De todas las conexiones con diferentes películas magistrales que muestra (y demuestra, como buen proceso), Anatomía de una caída, la última película de Justine Triet, la más curiosa podría ser la alteración del orden en lo que a juicios cinematográficos se refiere dentro del cine francés —o al menos francófono— más reciente.
Así, dos películas magistrales coinciden en alterar los paradigmas judiciales retratados en el cine, una es canadiense: Las habitaciones rojas (Pascal Plante, 2023). La otra supone la pieza maestra que sitúa a Justine Triet como un referente en el cine galo actual, algo que sus dos títulos anteriores, Los casos de Victoria (2016), y El reflejo de Sibyl (2019) profetizaron sutilmente.
Ambas películas (Las habitaciones rojas y Anatomía de una caída), sitúan al espectador ante un proceso literalmente extraordinario. Pero la obra cumbre —hasta la fecha— de Triet, no bebe solo de una sola fuente…
La visión del ser humano en el cine de Ingmar Bergman y Woody Allen (tanto en solitario como en sus conflictos con el colectivo), ciertos ecos de Peter Weir —en ese mismo aspecto del individuo ante la comunidad—, las soledades e incomunicaciones narradas por Antonioni, el obvio parecido con Anatomía de un asesinato (Otto Preminger, 1959), parentescos lejanos con Ensayo de un crimen (Luis Buñuel, 1955, y acaso con su ángel exterminador…), The Wrong Man (Alfred Hitchcock, 1956), y la utilización del británico del MacGuffin y el Whodunit en general, el extraño e inusual proceso de Orson Welles (The Trial, 1962)…
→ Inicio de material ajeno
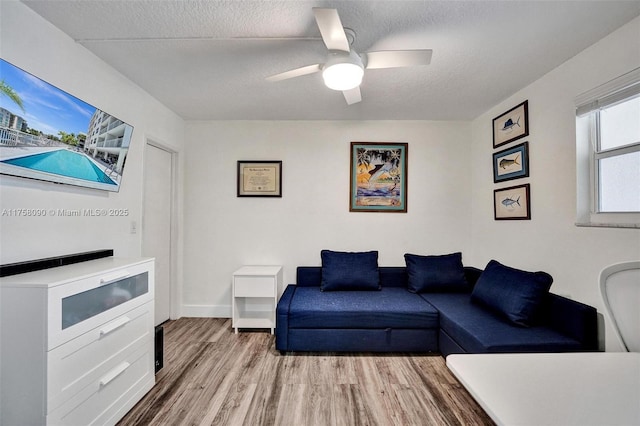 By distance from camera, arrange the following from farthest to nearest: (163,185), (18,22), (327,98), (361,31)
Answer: (163,185) < (327,98) < (361,31) < (18,22)

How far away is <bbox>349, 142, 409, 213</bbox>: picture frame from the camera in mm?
3389

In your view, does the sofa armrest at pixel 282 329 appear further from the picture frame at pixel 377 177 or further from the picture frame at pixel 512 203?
the picture frame at pixel 512 203

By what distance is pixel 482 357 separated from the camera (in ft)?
3.39

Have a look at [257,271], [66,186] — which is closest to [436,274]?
[257,271]

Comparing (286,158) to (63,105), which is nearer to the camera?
(63,105)

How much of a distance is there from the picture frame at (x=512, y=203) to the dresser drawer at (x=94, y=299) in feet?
10.5

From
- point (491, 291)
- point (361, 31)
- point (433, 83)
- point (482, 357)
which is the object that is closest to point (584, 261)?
point (491, 291)

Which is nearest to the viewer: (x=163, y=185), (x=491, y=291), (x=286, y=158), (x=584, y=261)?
(x=584, y=261)

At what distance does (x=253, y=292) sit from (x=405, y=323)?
1554mm

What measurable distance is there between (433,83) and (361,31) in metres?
1.00

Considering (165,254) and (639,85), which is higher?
(639,85)

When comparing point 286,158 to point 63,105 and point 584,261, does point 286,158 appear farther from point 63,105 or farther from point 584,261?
point 584,261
Todo esto entronca de una forma u otra con la maravillosa película de Triet (que pese a sus múltiples parentescos no pierde en absoluto sus rasgos de identidad), pero hay un aspecto —además del compartido con Las habitaciones rojas— que me resulta especialmente fascinante y que, sospecho, no saldrá demasiado a la luz en este juicio.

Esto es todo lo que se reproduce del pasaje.